In some embodiments, at least one step in the methods of wax removal described herein is carried out at a temperature below about the melting point of the wax in the pulp furnish. For example, the temperature can be from about ambient (e.g., 70° F.) to about 140° F. In a further example, the temperature can be from about 100° F. to about 130° F. Typical wax melting points are about 130 to about 145° F. for paraffin wax. In some embodiments, both the treatment and wax removal steps are carried out at a temperature below about the melting point of the wax. After removal of wax in the screens and cleaners, the temperature of the system can be raised above the melting point of wax. For example, mills may raise the temperature in the headbox to increase drainage and thus machine speed.
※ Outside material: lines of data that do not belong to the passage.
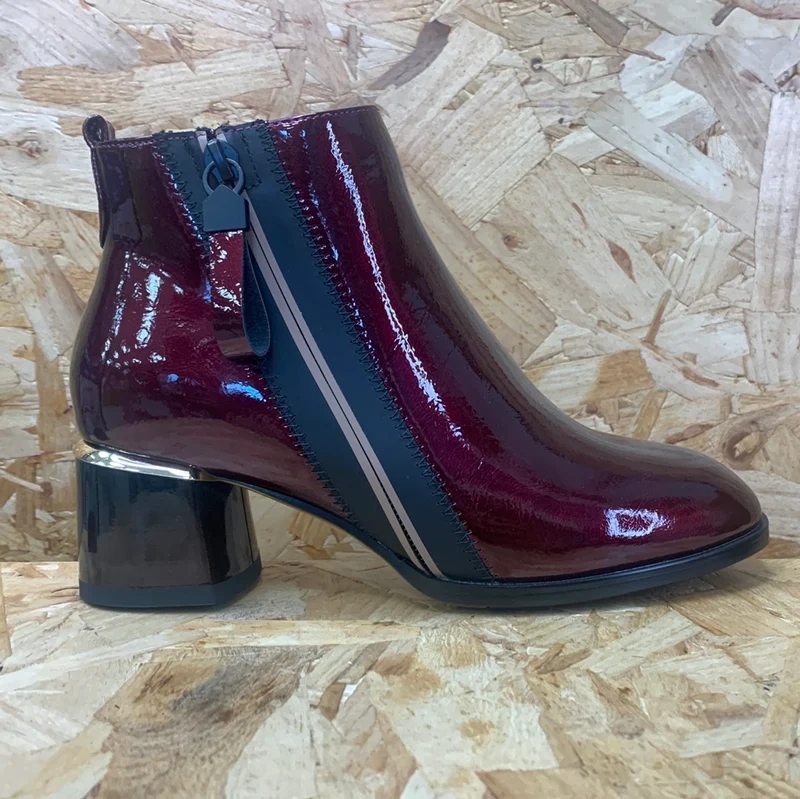 Kate Appleby Damen-Stiefelette von Oakley – Damson Pink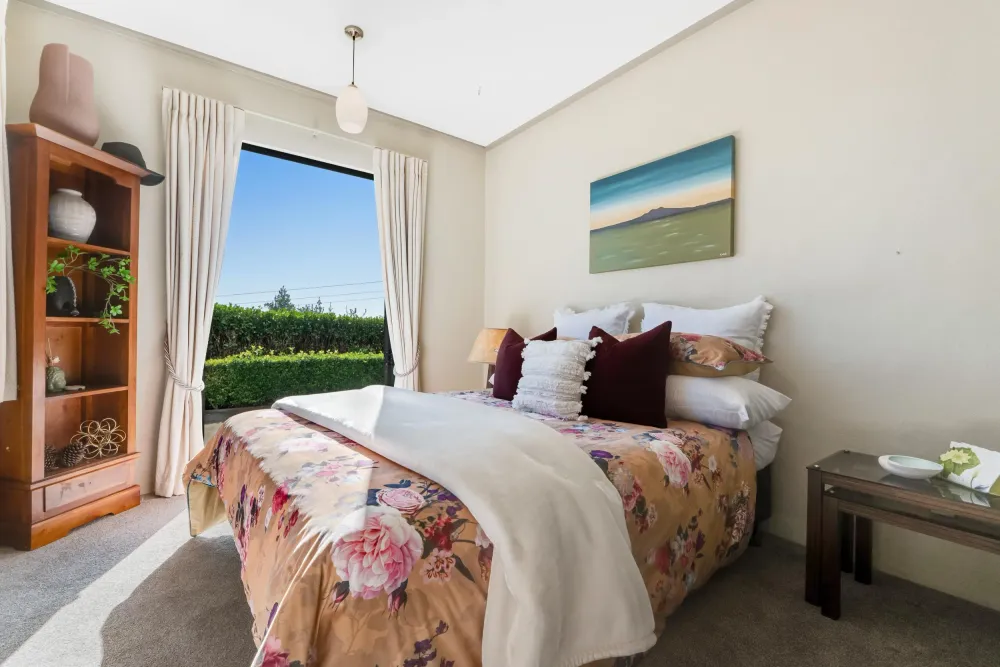 Photos of 498 Redoubt Road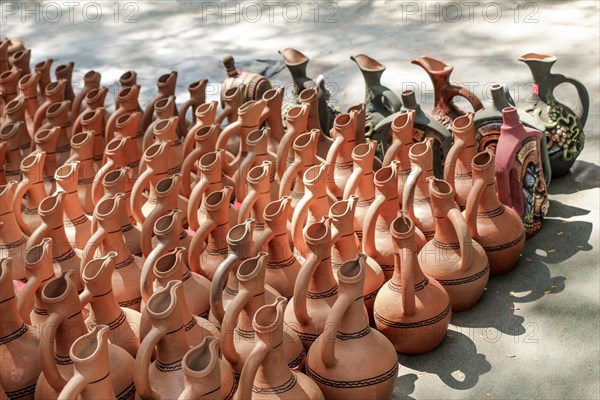 Harden clay pot showing for sale in a market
In the context of recycling, for example, treatment of the pulp furnish with the wax agglomeration agent can be made when the furnish is in or entering the repulper; however, treatment can also be made after the pulp furnish has exited the repulper. Treatment in the repulper can provide sufficient time for the wax agglomeration agent to interact with the wax and help remove the wax from the fiber. It is believed that the wax agglomeration agent softens the wax by lowering the wax melting point. Released wax particles can then aggregate together, thus allowing easier removal. Choice of viscosity of the wax agglomeration agent can affect both wax melting point and aggregation. Lower viscosities are more effective in lowering wax melting point while higher viscosities can be better in aiding aggregation of wax particles.
The present invention further includes methods for increasing wax rejects during the recycling process by carrying out any of the methods described herein such that the total wax particles removed from the pulp furnish (the wax rejects) are more than would be expected for the same or similar process but without treatment of the pulp furnish with a wax agglomeration agent.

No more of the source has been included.